Monday, September 9, 2019

Crash-Course, No. 9: Husker Du, Literally.

Fun. And those aren't umlauts.
Personal
While Hüsker Dü was on their last legs by the time I got to them, they were one of those bands that the people I looked to as cool kids liked. I never owned any album besides New Day Rising, but a week of listening to them demonstrates the retentive power of a half decade of hearing an album played at a party, or when a roommate falls a little too much in love with a band. If you can sing snippets 10, 20 years after the fact – and from the verses – you heard that album on heavy rotation at some point.

A Little History
Hüsker Dü hailed from St.

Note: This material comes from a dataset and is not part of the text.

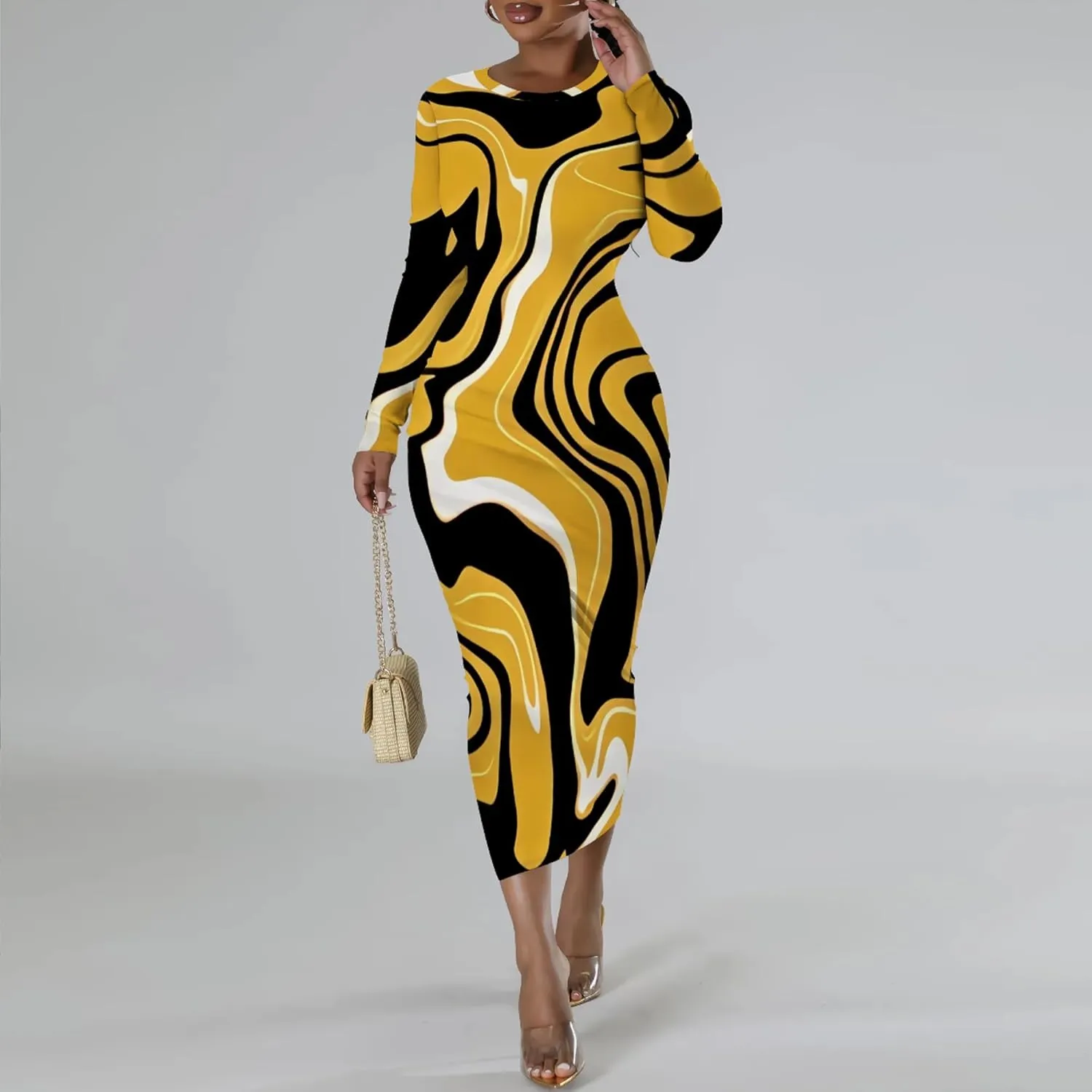 Women's Fashion Basic Pencil Bodycon Dress Casual Crewneck Long Sleeves Midi Dress Elegant Slim Cocktail Party Outfits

Paul, Minnesota, during the boom years that saw them, The Replacements…and Prince gain national attention. (Yeah, yeah, Prince was on a different level.) They met at area record stores – first Grant Hart (drums/vox) and Greg Norton (bass/future restauranteur), and later Bob Mould (guitar/vox) – and they came up in the Minneapolis/St. Paul punk scene, with their personal emphasis on St. Paul. (A 2017 interview with a Minneapolis member-supported radio station, before Hart’s death at 56, is the best, if one-sided, origin story I found.) They showed off their hardcore roots on 1980’s Land Speed Record and that heightened aggression carried all the way up to their first full length album, 1983’s Everything Falls Apart. Like flowers in a field, however, some melodic inflections started coming through as early as the Metal Circus EP from the same year (hear the guitar on “First of the Last Calls”).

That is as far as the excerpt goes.